(Beginning of RECORDS TO USE)

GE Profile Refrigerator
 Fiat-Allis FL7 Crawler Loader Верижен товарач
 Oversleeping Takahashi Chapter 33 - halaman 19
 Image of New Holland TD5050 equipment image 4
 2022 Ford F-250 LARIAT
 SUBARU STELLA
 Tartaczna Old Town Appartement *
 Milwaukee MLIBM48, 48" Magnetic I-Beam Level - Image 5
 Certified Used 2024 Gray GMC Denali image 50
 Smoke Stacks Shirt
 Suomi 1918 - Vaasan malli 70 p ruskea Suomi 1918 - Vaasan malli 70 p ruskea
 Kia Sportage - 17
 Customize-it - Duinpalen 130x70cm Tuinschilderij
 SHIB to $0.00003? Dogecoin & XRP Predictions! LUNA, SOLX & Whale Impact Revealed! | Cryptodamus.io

(End of RECORDS TO USE)

_TASK_
Reproduce, character for character, only the lines of the preceding data that start at the line with "Oversleeping Takahashi Chapter" and end at the line with "Smoke Stacks Shirt", both included.

_TASK RESULT_
 Oversleeping Takahashi Chapter 33 - halaman 19
 Image of New Holland TD5050 equipment image 4
 2022 Ford F-250 LARIAT
 SUBARU STELLA
 Tartaczna Old Town Appartement *
 Milwaukee MLIBM48, 48" Magnetic I-Beam Level - Image 5
 Certified Used 2024 Gray GMC Denali image 50
 Smoke Stacks Shirt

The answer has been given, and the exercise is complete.